## Task objective
The output should be every line below, retyped exactly, with no images.

## Material for the task

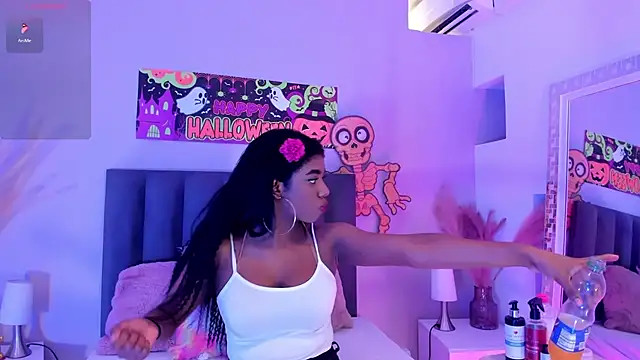 KendraChavez  online show from 10/23/25, 10:52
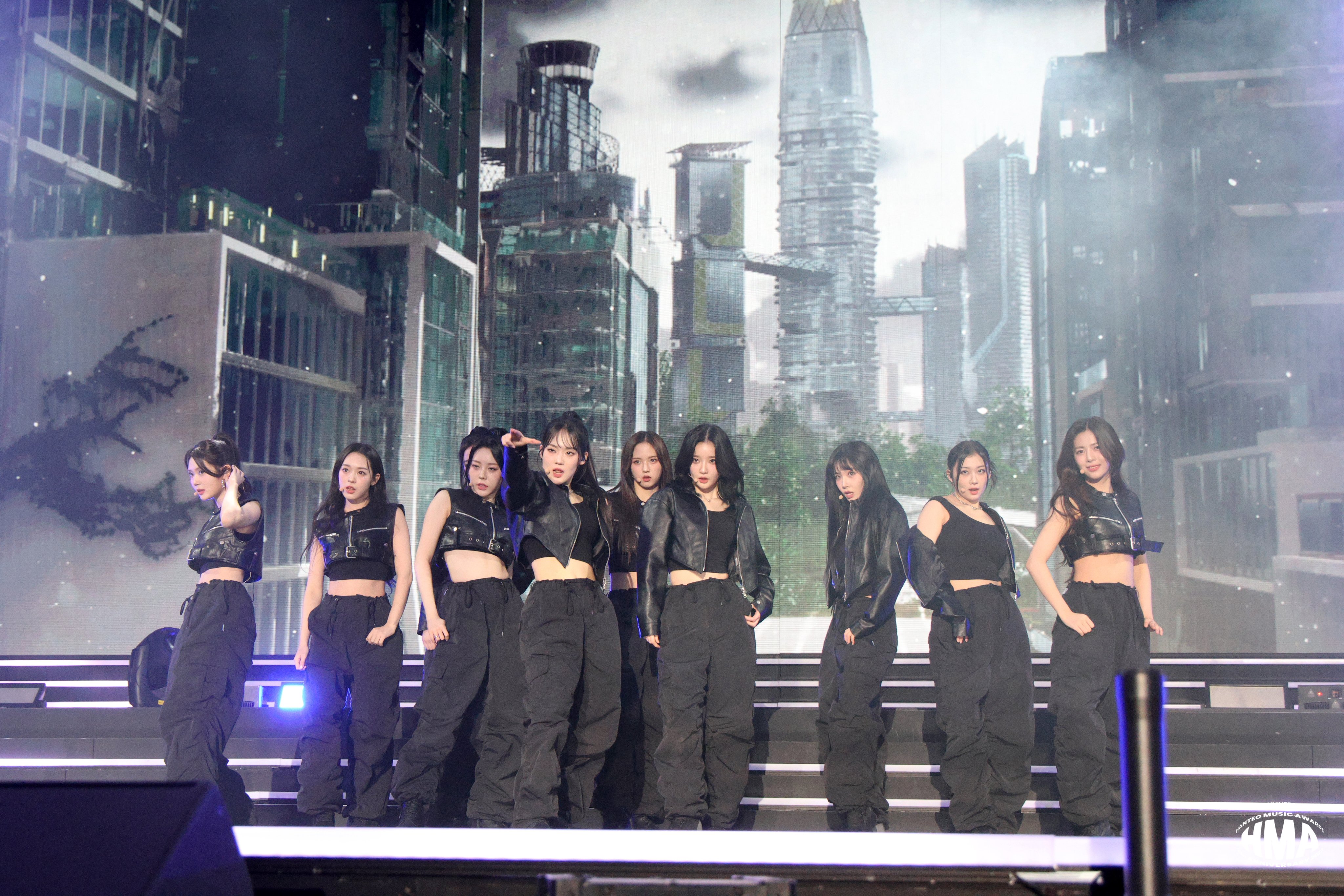 GGn9Vd2bMAA10nT?format=jpg&name=4096x4096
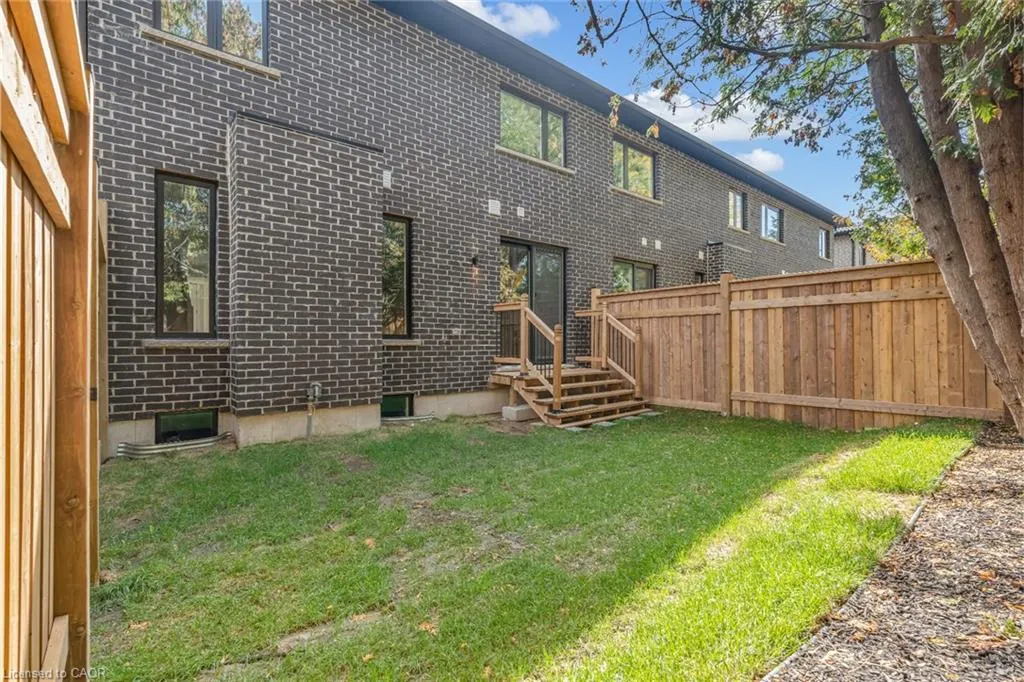 2154 Walkers Line, #4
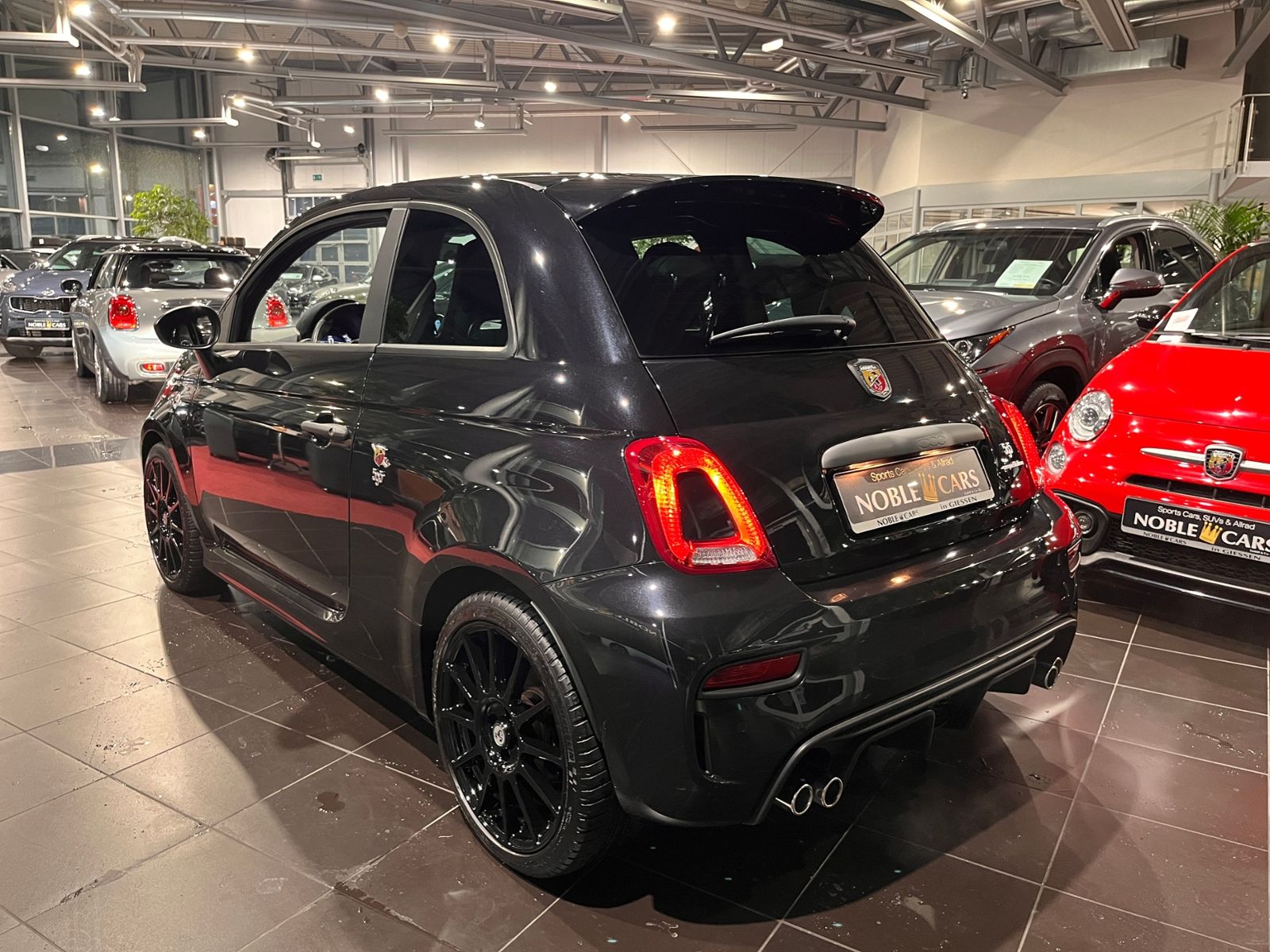 Fahrzeugabbildung Abarth 595 Competizione BI-XEN NAV DAB PDC 17"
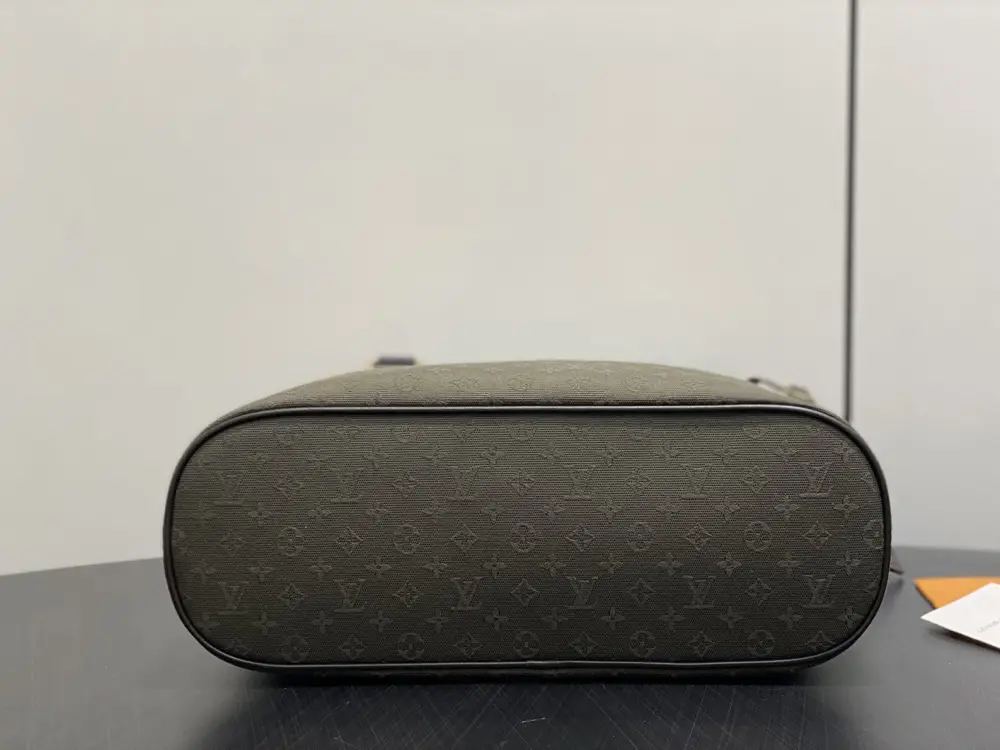 Louis Vuitton Сумка тоут Open Smile джинсова 30 см — Фото 4
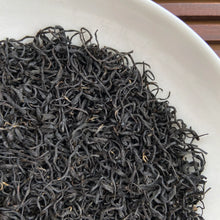Load image into Gallery viewer, 2024 Early Spring Black Tea Jiu Qu Hong Mei (Jiuqu Red Plum) A+ Grade, Long Jing - photo 5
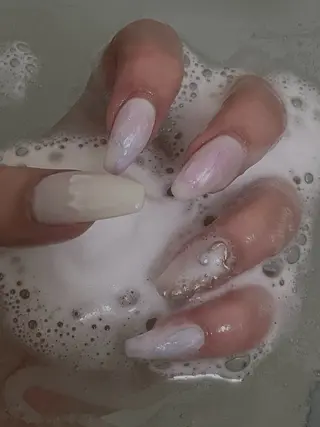 ネイル One HARUNAのネイルデザイン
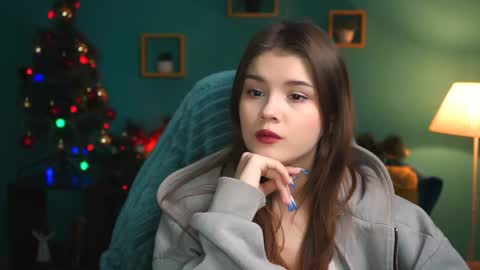 Snapshot of evathopson chatting on 12.08.24 Eva  next stream -  - 1600 UTC2000  online show from 12.08.24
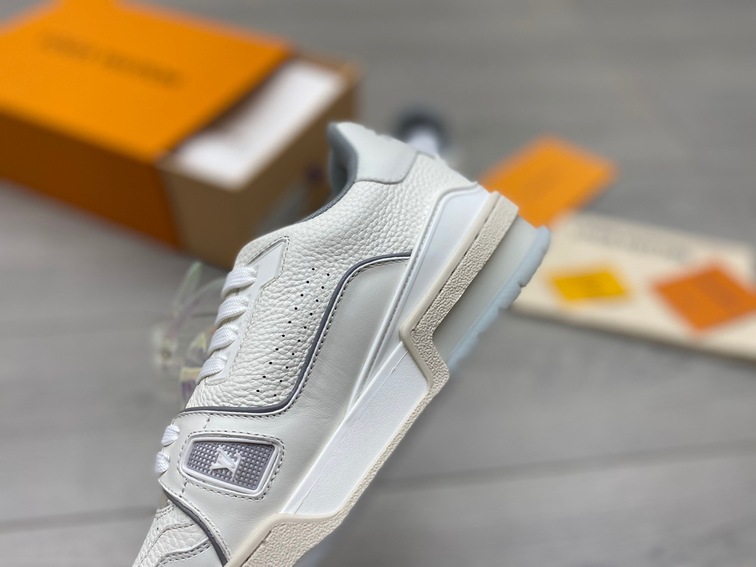 Lv Trainer Sneakers 54 Grey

## Final answer
 KendraChavez  online show from 10/23/25, 10:52
 GGn9Vd2bMAA10nT?format=jpg&name=4096x4096
 2154 Walkers Line, #4
 Fahrzeugabbildung Abarth 595 Competizione BI-XEN NAV DAB PDC 17"
 Louis Vuitton Сумка тоут Open Smile джинсова 30 см — Фото 4
Load image into Gallery viewer, 2024 Early Spring Black Tea Jiu Qu Hong Mei (Jiuqu Red Plum) A+ Grade, Long Jing - photo 5
 ネイル One HARUNAのネイルデザイン
 Snapshot of evathopson chatting on 12.08.24 Eva  next stream -  - 1600 UTC2000  online show from 12.08.24
 Lv Trainer Sneakers 54 Grey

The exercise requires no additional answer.